*** Opening Data ***
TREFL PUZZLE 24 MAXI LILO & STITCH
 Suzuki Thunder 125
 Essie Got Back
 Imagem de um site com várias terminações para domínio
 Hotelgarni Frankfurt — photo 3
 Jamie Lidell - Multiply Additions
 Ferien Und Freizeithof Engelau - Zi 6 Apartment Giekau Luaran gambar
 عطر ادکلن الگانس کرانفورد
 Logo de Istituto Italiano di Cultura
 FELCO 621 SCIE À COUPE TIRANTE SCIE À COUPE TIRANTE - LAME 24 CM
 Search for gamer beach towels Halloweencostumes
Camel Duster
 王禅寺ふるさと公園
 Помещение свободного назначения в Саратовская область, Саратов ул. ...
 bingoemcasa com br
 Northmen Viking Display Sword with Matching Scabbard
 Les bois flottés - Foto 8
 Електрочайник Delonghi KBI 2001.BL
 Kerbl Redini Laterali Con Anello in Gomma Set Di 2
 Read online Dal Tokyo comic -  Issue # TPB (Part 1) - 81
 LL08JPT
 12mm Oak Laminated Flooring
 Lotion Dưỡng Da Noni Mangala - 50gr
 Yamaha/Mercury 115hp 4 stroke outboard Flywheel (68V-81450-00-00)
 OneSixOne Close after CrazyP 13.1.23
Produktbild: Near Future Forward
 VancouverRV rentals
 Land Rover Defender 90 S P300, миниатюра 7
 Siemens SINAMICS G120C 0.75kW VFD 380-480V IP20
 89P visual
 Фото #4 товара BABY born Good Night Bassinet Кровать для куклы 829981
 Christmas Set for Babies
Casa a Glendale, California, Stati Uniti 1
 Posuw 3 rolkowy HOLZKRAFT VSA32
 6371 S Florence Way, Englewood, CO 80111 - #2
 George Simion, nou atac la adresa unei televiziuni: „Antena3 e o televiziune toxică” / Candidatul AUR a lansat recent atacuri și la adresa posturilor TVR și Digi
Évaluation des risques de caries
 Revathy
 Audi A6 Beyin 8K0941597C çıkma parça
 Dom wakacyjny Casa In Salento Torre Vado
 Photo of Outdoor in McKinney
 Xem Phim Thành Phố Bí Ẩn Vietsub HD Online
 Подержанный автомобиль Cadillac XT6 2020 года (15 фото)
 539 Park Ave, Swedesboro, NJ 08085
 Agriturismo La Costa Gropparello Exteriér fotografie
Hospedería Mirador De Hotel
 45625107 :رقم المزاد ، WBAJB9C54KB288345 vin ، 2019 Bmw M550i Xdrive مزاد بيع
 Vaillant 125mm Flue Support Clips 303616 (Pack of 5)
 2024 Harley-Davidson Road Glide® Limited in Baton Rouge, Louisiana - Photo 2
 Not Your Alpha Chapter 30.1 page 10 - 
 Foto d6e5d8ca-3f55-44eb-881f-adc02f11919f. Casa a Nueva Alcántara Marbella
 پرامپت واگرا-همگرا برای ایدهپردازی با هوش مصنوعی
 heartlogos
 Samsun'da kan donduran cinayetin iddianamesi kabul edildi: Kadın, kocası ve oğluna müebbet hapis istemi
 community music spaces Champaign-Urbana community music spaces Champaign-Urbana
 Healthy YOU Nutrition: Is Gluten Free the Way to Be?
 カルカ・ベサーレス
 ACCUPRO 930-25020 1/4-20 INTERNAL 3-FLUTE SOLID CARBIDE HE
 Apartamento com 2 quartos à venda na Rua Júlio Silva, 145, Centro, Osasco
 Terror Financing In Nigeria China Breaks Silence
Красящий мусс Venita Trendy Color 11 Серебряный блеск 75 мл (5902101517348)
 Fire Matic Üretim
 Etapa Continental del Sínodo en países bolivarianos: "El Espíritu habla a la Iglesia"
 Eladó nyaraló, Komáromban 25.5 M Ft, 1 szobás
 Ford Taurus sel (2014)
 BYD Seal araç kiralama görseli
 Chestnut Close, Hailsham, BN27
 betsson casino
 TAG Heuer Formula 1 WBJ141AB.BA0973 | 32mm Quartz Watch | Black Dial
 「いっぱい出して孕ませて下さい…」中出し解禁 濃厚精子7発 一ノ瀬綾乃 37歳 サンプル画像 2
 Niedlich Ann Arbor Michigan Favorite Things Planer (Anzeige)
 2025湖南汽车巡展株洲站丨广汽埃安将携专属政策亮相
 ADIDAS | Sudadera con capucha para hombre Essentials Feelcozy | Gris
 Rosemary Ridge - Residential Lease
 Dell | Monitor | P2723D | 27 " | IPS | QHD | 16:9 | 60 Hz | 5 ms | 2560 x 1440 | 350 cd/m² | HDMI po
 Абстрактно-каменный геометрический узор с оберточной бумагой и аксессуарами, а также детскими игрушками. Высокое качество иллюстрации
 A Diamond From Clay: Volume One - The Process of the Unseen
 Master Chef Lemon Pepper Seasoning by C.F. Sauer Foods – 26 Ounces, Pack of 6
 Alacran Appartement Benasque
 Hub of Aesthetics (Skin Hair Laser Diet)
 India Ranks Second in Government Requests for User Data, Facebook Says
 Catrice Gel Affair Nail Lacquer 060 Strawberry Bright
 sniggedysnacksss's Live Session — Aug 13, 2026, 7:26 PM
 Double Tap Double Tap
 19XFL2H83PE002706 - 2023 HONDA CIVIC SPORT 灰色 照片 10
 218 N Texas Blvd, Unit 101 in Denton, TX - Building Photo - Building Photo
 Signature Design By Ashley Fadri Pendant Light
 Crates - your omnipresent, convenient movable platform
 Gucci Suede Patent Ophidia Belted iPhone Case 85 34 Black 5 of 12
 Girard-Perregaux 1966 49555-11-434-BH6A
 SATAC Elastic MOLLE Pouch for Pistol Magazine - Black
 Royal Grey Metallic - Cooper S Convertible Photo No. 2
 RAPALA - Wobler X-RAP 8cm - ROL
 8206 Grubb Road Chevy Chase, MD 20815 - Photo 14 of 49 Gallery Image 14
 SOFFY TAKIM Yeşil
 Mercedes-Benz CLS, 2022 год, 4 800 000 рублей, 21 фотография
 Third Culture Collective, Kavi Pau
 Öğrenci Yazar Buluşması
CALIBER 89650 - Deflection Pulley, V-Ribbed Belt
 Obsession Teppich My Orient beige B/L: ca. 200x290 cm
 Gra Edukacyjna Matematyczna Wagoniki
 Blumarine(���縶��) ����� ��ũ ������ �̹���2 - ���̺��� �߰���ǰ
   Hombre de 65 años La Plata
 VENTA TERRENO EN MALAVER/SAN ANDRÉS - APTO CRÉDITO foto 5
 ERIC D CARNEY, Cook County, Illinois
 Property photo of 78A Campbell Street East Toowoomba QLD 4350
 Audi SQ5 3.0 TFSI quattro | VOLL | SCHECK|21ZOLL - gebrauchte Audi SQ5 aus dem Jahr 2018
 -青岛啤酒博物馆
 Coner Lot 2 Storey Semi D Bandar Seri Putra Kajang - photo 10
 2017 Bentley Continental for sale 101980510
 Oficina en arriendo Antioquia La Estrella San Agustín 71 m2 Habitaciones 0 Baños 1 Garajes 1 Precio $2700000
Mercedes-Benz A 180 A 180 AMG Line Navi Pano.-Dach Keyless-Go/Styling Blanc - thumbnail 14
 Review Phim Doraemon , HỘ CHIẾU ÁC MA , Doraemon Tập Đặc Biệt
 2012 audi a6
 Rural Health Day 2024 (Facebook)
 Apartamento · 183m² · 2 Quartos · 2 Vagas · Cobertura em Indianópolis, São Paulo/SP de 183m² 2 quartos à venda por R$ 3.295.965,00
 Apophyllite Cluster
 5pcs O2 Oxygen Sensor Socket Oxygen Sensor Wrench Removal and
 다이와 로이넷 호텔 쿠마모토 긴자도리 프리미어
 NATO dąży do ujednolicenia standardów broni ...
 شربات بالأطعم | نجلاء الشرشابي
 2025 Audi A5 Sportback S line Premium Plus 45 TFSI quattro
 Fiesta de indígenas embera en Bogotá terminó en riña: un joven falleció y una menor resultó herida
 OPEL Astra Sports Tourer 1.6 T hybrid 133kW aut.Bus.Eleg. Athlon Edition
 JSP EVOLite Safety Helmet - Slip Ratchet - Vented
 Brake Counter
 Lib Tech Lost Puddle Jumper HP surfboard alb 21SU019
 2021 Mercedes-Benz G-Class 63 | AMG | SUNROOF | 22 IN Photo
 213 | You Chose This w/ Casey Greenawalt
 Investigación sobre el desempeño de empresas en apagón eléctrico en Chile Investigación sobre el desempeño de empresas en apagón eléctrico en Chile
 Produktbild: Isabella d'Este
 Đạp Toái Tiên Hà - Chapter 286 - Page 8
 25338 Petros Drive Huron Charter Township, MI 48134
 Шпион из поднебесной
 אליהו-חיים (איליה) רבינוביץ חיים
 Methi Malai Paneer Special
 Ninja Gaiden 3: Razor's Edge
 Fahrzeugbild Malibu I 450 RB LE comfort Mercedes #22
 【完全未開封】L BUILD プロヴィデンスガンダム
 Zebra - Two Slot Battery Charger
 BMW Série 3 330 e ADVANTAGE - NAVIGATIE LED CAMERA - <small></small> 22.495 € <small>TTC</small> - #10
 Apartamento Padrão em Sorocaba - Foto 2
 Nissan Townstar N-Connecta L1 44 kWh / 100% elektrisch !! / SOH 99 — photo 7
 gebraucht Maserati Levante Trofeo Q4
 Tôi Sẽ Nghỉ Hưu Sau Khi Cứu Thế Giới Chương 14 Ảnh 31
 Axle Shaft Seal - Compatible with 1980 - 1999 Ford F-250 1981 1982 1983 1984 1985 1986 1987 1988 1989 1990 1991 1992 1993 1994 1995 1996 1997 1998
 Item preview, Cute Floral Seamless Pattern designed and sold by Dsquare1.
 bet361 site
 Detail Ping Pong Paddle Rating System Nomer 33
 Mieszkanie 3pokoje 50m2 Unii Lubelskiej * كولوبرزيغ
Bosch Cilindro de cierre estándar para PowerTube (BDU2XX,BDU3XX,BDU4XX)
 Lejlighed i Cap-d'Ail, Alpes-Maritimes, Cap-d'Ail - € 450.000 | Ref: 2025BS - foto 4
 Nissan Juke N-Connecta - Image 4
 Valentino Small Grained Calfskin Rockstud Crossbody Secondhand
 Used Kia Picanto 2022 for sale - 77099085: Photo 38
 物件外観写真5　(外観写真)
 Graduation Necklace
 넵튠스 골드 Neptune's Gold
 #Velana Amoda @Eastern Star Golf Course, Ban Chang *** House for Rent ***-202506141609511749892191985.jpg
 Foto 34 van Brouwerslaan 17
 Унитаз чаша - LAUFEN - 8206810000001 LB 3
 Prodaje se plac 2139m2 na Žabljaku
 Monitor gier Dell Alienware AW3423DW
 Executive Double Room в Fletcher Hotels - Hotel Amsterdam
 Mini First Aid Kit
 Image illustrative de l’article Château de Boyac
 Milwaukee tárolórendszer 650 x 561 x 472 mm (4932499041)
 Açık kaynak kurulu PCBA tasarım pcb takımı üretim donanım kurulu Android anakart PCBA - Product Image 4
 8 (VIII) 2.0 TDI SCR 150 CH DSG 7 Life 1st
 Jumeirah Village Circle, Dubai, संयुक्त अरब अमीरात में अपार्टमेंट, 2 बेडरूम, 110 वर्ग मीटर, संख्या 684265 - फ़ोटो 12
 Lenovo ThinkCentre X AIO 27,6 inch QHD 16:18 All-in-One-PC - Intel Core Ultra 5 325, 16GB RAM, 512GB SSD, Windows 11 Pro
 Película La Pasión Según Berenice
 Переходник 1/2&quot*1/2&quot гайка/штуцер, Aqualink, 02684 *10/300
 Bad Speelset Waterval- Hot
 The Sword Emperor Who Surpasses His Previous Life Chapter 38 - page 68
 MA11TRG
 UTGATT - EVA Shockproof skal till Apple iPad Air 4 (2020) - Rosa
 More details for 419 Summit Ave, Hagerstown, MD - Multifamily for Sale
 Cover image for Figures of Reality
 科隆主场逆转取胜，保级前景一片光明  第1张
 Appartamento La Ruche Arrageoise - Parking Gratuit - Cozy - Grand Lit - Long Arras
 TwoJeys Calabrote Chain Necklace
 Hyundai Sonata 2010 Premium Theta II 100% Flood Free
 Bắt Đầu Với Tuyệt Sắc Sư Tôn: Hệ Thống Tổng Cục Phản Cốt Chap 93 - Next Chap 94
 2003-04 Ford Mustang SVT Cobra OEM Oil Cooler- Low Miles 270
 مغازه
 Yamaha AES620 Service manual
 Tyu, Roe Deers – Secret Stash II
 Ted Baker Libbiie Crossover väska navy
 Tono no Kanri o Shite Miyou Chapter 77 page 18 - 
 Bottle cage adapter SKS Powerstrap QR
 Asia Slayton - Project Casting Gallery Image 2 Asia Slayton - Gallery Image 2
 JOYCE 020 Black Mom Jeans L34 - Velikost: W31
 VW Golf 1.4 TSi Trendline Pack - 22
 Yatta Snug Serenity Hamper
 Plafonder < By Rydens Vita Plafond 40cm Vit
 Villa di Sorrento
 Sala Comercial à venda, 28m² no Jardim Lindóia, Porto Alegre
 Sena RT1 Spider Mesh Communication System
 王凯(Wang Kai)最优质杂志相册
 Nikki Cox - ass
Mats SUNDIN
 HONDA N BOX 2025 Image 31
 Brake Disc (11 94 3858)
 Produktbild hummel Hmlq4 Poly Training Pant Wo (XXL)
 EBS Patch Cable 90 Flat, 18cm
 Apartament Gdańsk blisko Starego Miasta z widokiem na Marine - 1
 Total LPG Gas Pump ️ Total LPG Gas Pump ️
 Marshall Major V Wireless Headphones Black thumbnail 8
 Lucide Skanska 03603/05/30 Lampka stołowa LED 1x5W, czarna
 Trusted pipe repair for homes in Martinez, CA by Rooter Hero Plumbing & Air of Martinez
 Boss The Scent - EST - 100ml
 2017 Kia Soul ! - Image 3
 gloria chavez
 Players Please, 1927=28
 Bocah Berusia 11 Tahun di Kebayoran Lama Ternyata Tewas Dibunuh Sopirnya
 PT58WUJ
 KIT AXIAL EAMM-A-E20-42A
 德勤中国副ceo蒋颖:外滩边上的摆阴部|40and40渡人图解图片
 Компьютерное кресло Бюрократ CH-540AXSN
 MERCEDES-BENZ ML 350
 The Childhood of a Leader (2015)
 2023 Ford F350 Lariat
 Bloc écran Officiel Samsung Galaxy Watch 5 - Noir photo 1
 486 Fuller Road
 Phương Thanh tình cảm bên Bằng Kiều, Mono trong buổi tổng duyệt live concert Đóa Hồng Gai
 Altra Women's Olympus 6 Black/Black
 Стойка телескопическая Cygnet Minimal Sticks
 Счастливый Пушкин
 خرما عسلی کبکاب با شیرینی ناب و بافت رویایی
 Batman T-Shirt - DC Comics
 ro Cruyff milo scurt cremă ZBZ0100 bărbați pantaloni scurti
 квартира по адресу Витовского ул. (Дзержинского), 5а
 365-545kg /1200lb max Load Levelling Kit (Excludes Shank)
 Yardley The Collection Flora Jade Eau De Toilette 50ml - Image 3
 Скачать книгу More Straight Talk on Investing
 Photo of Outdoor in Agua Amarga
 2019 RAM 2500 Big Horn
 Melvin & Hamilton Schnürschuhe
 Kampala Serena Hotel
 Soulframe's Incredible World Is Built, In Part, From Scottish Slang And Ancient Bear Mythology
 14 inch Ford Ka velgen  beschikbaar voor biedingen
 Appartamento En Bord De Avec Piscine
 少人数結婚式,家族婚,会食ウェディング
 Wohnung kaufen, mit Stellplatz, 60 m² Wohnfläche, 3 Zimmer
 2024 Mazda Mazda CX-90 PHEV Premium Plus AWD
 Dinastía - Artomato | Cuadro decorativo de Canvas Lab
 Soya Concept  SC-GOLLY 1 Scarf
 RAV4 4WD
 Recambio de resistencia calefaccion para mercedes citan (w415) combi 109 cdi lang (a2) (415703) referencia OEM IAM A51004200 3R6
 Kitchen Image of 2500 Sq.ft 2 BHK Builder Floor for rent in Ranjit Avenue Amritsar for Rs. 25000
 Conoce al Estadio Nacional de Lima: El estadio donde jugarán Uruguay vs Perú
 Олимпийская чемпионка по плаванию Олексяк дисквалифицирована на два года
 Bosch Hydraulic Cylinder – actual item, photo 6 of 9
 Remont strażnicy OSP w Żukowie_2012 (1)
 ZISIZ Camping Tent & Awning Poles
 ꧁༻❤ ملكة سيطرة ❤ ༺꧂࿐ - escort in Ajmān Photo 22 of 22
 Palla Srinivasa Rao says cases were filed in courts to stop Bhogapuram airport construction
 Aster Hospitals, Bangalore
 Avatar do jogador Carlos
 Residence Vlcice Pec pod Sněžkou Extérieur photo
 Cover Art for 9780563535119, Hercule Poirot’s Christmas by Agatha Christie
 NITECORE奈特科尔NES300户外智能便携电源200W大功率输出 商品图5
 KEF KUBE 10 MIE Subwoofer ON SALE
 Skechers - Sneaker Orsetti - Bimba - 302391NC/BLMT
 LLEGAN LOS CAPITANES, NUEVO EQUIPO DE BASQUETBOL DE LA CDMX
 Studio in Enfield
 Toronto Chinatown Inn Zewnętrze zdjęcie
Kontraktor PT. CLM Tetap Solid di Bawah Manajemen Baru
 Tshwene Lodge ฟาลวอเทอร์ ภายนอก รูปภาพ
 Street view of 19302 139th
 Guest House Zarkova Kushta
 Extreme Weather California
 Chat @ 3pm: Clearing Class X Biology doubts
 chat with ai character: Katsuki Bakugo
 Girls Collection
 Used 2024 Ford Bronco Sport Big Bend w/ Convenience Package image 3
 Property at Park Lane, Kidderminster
*** Closing Data ***
Prompt - Go line by line through the data and copy any that contain "Nissan".

Answer box -
 Nissan Townstar N-Connecta L1 44 kWh / 100% elektrisch !! / SOH 99 — photo 7
 Nissan Juke N-Connecta - Image 4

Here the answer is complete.